AGPhil 3: Poster Session

AGPhil 3.1: Poster

Tuesday, March 17, 2015, 18:00–18:10, A 060

The Spacetime System of Reference and Measurement of Galilean-Newtonian Mechanics — •Ed Dellian — Bogenst. 5, D-14169 Berlin

The law of motion of classical continuum mechanics "force equals mass-acceleration" doesn't refer to a reference system. Galileo's theory is different. In his Discorsi of 1638, Third Day, Galileo's geometrical law of uniform motion is described in relation to two invariant scaled standards, the discrete elements of which are proportional to each other. The first is a standard of "time", the second of "space". The law of motion is a quaternate proportion of measured discrete quantities of space and time implying the elements delta s and delta t of the proportional standards "space" and "time". The constant parameter "delta s over delta t" reveals a quantized structure of the spacetime system of reference and measurement.

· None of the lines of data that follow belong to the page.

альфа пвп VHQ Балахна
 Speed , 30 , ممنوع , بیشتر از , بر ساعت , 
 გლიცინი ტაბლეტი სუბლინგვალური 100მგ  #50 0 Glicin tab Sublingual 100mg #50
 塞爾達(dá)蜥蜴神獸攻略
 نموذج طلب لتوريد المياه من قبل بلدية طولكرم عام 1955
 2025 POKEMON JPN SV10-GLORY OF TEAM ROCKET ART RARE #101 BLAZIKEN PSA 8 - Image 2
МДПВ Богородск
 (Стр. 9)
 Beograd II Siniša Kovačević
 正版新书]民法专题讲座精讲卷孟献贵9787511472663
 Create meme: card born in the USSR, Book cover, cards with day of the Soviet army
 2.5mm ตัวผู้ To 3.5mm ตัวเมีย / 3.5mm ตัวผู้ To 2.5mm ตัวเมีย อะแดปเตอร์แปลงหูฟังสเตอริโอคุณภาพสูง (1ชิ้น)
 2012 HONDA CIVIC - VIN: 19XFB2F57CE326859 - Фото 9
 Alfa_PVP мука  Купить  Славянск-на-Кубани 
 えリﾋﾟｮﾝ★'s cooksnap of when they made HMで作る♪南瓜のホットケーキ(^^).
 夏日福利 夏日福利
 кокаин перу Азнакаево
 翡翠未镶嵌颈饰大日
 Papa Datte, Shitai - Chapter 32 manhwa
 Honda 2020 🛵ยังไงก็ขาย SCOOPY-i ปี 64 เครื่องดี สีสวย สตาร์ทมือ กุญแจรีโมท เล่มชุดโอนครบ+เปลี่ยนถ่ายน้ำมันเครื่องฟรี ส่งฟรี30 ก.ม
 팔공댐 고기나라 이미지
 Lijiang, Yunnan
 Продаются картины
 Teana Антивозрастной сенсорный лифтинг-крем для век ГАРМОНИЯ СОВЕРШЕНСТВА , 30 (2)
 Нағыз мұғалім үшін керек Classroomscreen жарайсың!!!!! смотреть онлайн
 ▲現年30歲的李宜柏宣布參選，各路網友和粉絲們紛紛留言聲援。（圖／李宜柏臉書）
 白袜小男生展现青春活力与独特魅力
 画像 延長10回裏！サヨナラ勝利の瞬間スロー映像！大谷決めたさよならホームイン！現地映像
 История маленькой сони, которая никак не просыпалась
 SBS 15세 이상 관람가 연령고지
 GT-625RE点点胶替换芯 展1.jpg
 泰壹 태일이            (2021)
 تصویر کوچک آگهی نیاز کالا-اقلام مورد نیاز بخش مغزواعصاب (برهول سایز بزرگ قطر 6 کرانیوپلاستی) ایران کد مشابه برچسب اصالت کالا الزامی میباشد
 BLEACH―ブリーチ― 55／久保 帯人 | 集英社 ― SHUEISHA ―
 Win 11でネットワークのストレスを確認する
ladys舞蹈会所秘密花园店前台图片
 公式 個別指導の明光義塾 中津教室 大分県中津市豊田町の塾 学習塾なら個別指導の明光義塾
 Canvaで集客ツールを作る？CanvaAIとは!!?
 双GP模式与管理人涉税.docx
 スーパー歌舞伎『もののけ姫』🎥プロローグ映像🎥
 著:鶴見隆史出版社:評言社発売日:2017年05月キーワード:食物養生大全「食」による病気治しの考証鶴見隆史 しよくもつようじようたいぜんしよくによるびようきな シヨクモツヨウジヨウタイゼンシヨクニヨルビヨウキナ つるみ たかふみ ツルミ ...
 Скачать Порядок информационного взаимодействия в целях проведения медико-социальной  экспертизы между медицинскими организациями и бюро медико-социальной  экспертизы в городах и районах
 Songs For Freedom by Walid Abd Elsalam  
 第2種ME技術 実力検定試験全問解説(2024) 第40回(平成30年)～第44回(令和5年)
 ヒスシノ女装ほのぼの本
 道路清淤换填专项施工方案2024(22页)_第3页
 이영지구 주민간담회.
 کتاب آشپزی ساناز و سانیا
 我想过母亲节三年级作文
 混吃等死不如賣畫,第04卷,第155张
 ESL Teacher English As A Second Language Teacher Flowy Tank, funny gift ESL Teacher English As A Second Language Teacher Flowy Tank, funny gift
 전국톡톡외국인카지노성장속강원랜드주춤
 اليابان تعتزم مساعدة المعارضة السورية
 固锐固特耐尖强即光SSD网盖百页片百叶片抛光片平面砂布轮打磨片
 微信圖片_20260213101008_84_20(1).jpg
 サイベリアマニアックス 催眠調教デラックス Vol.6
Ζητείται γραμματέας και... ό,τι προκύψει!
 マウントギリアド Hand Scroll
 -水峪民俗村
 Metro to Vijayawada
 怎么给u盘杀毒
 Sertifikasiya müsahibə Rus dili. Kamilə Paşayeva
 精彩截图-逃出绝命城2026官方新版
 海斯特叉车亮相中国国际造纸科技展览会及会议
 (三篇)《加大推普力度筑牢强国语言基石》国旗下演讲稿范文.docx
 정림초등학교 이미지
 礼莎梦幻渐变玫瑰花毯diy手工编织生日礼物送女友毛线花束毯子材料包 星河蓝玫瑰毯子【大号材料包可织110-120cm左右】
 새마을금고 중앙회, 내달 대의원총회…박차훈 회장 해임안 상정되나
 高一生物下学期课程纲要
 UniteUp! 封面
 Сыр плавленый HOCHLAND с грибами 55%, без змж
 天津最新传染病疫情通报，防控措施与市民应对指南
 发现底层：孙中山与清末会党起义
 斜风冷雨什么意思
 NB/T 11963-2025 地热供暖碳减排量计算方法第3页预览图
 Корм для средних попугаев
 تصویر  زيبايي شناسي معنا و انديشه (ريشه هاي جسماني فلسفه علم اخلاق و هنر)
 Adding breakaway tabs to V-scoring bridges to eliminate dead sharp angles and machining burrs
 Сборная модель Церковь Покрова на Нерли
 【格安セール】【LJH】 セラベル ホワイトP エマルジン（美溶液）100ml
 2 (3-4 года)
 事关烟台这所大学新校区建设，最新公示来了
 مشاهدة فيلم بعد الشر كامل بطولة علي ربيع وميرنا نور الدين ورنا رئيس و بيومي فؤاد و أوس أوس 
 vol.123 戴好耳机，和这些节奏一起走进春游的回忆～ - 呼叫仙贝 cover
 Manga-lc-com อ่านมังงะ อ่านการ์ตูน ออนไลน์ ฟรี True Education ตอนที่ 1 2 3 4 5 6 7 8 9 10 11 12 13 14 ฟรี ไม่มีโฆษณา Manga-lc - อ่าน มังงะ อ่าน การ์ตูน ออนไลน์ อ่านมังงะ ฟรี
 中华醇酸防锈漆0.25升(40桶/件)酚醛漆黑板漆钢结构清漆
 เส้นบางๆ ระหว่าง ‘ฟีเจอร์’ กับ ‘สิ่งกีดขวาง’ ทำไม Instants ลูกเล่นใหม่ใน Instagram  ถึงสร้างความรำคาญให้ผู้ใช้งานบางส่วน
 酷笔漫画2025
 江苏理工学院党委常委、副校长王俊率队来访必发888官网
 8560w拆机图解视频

The same system forms the basis of Newton's authentic theory of motion in discrete real space and real time, the parameter "element of space over element of time" being the proportionality constant required by Newton's second law "The change in motion is proportional (not equal!) to the motive force impressed". Newton's law accordingly reads "delta F over delta p = delta s over delta t = constant = c", or, "delta F = delta p times c". Science would look different had this quantized law of motion in real space and time been known when Einstein developed relativity by erroneously presupposing as Newton's law the continuous f=ma formula of analytical mechanics, which was first conceived in 1750 by Leonhard Euler in Berlin as the basic law of his non-Newtonian "Berlin continuum mechanics".